CERN's Director for Accelerators Steve Myers announced today that for the first time two beams are circulating simultaneously in the LHC. The announcement was made at a press conference held at the laboratory. The first individual circulating beams of 2009 were successfully established on Friday, November 20.

The next steps will be a careful, systematic testing of the accelerator.

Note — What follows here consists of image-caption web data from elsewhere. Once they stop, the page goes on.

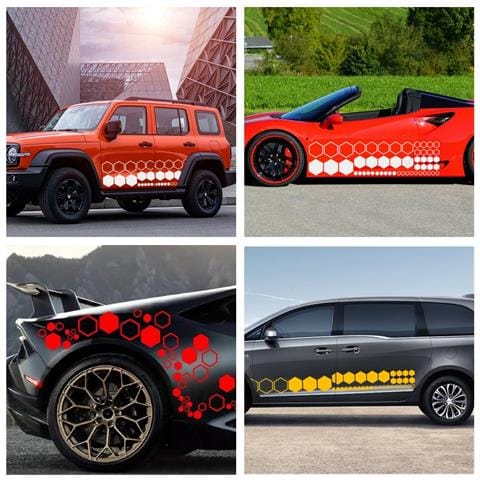Adesivi Auto Esagonali A Nido D'ape (confezione Da 2) - Decorazione Personalizzata Per Carrozzeria Multicolor - Foto 2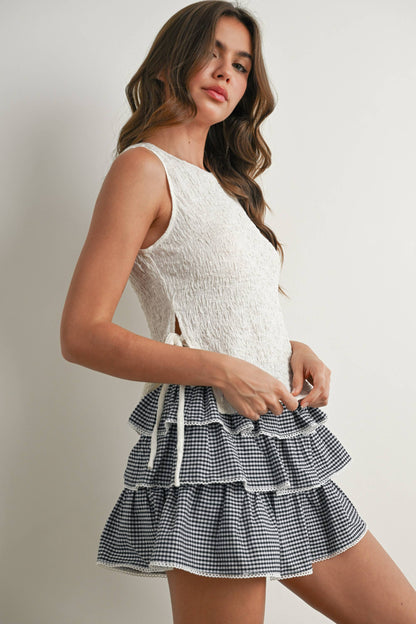 Ivory Texture Side Tie Top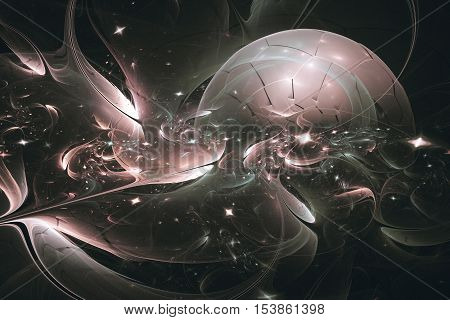 Fractal lines form a ball that resembles a planet surrounded by a luminous cosmic objects.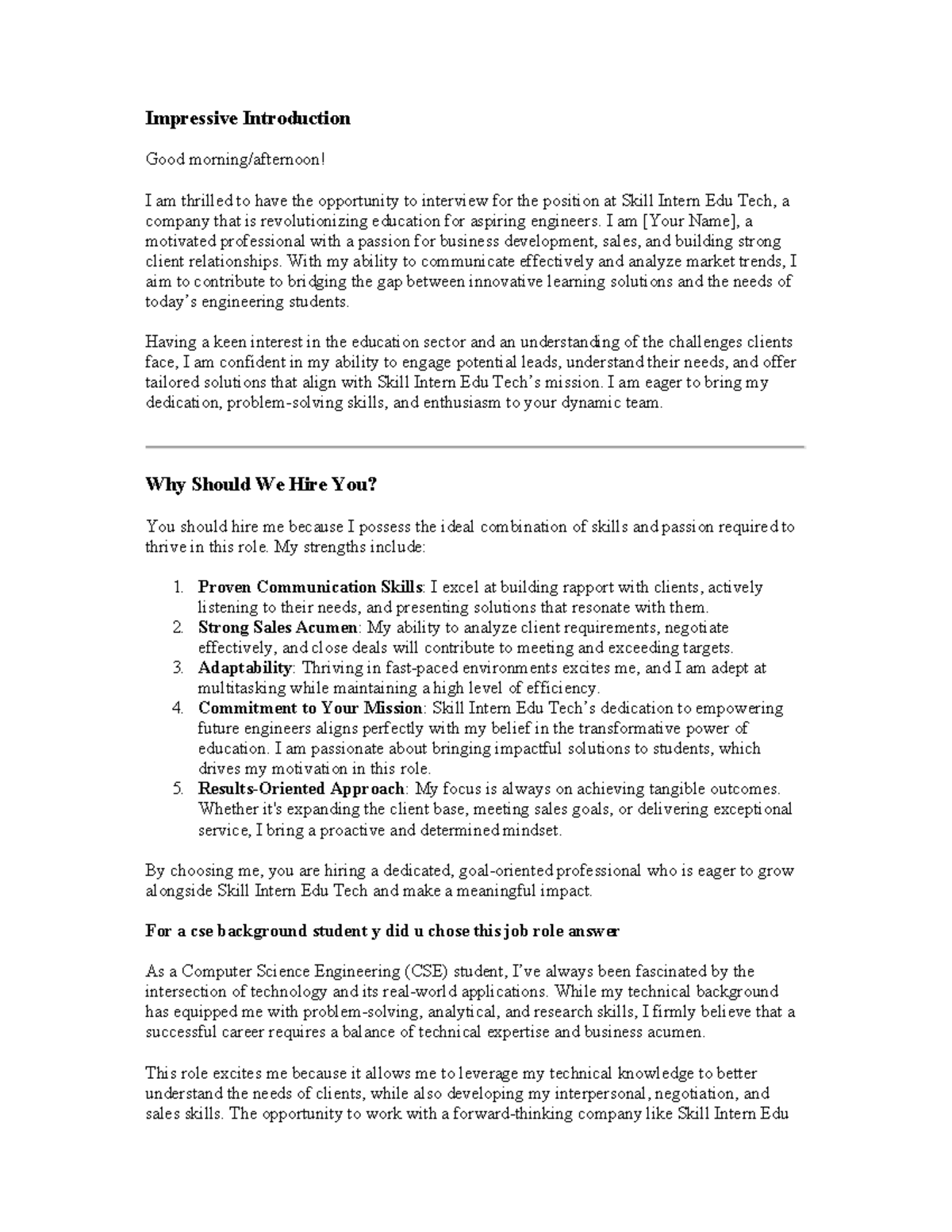 Skill intern interview - Impressive Introduction Good morning/afternoon ...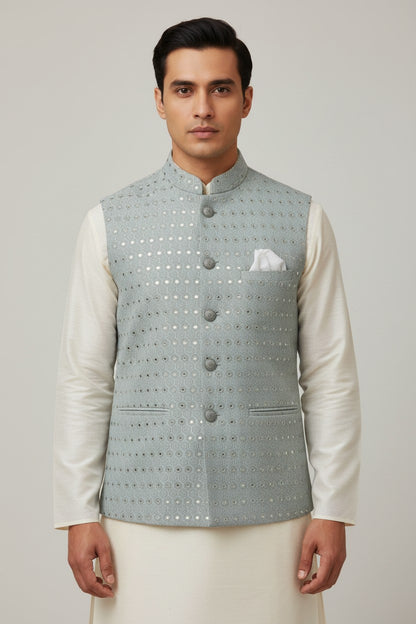 Men’s Sea Green Mirror Work Nehru Jacket – Elegant Wedding & Festive Wear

“We will systematically go through all the measurements, put all the systems through their tests, and when we're sure everything's safe, we will increase the beam intensity," explained Myers. “During some shifts we will try to accelerate beam to the maximum energy for this year - 1200 GeV per beam. Then we will decide about collisions. Two possibilities are to collide at the 450 GeV injection energy or at 1200 GeV per beam. That is our program until just before Christmas.” Over the next year, the energy will be ramped to 3.5 TeV (3500 GeV) per beam, and then possibly to a maximum of 5 TeV.

“With 3.5 TeV per beam we will open new windows to new physics,” noted CERN Director-General Rolf Heuer.

Fabiola Gianotti, spokesperson of the ATLAS experiment, observed, “This is at the same time the end of twenty years of effort by the international scientific community to build a machine and detector of unprecedented complexity and technological challenges, and the beginning of a fantastic era of physics exploration and discovery.”